▶ [DATA FOR REVIEW]:
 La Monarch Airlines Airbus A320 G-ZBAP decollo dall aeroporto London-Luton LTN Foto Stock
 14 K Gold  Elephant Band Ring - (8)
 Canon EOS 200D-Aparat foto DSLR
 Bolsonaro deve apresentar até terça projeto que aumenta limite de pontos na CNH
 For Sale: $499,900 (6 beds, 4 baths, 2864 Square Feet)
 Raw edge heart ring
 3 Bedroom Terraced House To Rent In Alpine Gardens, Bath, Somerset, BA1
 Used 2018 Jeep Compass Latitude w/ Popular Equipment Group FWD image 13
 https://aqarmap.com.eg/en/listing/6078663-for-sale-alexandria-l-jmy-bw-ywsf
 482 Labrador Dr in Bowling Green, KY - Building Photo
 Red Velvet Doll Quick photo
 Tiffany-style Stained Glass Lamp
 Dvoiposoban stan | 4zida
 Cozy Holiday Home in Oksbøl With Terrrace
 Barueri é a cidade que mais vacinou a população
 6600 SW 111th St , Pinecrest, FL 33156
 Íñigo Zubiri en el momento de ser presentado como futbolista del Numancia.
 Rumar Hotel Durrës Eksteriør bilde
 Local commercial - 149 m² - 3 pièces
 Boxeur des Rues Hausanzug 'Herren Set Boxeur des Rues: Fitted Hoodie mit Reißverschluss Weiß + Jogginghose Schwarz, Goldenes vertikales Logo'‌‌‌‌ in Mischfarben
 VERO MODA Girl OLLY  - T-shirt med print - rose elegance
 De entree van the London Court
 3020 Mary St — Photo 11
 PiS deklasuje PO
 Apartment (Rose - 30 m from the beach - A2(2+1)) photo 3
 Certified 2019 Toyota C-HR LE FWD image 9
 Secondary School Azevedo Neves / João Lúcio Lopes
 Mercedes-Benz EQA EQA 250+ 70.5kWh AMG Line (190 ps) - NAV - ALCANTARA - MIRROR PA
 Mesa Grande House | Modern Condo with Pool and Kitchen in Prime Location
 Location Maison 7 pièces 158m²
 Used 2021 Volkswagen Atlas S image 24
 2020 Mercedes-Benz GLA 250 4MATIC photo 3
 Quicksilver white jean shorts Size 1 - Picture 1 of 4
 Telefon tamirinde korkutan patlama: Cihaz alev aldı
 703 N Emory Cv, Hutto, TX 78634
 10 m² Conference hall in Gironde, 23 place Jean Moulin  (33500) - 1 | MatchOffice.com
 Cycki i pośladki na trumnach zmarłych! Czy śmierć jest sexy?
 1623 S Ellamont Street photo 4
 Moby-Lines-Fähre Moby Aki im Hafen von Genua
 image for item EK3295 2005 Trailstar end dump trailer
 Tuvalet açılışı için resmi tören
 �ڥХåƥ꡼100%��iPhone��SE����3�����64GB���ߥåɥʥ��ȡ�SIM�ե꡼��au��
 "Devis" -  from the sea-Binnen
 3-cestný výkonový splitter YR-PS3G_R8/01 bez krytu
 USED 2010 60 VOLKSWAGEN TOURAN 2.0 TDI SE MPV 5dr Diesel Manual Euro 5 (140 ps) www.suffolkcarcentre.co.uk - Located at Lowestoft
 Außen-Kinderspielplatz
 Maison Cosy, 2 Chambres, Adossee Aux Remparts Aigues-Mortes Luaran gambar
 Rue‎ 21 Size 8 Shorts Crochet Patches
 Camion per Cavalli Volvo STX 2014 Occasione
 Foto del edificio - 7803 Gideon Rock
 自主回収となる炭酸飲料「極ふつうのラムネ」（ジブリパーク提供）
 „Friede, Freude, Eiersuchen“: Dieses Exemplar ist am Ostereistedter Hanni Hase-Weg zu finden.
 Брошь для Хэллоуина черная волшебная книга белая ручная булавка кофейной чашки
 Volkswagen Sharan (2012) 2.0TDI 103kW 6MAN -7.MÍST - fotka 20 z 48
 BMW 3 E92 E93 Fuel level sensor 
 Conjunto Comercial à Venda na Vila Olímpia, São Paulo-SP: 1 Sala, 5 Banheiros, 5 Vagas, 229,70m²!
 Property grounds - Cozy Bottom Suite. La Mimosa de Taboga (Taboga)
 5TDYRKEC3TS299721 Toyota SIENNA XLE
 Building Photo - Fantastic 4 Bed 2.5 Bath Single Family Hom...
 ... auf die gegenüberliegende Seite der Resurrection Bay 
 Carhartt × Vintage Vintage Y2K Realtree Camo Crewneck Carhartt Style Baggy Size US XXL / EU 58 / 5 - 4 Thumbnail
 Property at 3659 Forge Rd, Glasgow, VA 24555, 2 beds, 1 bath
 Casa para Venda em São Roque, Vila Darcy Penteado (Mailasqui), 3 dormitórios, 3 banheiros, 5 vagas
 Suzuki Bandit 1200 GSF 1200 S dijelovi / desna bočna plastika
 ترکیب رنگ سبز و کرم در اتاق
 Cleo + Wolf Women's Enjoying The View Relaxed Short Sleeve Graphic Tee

▶ [INSTRUCTIONS TO FOLLOW]: What you return should be the lines from the beginning of the records through the one that contains "Location Maison 7 pièces 158m²", repeated exactly and with no additions.

▶ [EXERCISE RESPONSE]:
 La Monarch Airlines Airbus A320 G-ZBAP decollo dall aeroporto London-Luton LTN Foto Stock
 14 K Gold  Elephant Band Ring - (8)
 Canon EOS 200D-Aparat foto DSLR
 Bolsonaro deve apresentar até terça projeto que aumenta limite de pontos na CNH
 For Sale: $499,900 (6 beds, 4 baths, 2864 Square Feet)
 Raw edge heart ring
 3 Bedroom Terraced House To Rent In Alpine Gardens, Bath, Somerset, BA1
 Used 2018 Jeep Compass Latitude w/ Popular Equipment Group FWD image 13
 https://aqarmap.com.eg/en/listing/6078663-for-sale-alexandria-l-jmy-bw-ywsf
 482 Labrador Dr in Bowling Green, KY - Building Photo
 Red Velvet Doll Quick photo
 Tiffany-style Stained Glass Lamp
 Dvoiposoban stan | 4zida
 Cozy Holiday Home in Oksbøl With Terrrace
 Barueri é a cidade que mais vacinou a população
 6600 SW 111th St , Pinecrest, FL 33156
 Íñigo Zubiri en el momento de ser presentado como futbolista del Numancia.
 Rumar Hotel Durrës Eksteriør bilde
 Local commercial - 149 m² - 3 pièces
 Boxeur des Rues Hausanzug 'Herren Set Boxeur des Rues: Fitted Hoodie mit Reißverschluss Weiß + Jogginghose Schwarz, Goldenes vertikales Logo'‌‌‌‌ in Mischfarben
 VERO MODA Girl OLLY  - T-shirt med print - rose elegance
 De entree van the London Court
 3020 Mary St — Photo 11
 PiS deklasuje PO
 Apartment (Rose - 30 m from the beach - A2(2+1)) photo 3
 Certified 2019 Toyota C-HR LE FWD image 9
 Secondary School Azevedo Neves / João Lúcio Lopes
 Mercedes-Benz EQA EQA 250+ 70.5kWh AMG Line (190 ps) - NAV - ALCANTARA - MIRROR PA
 Mesa Grande House | Modern Condo with Pool and Kitchen in Prime Location
 Location Maison 7 pièces 158m²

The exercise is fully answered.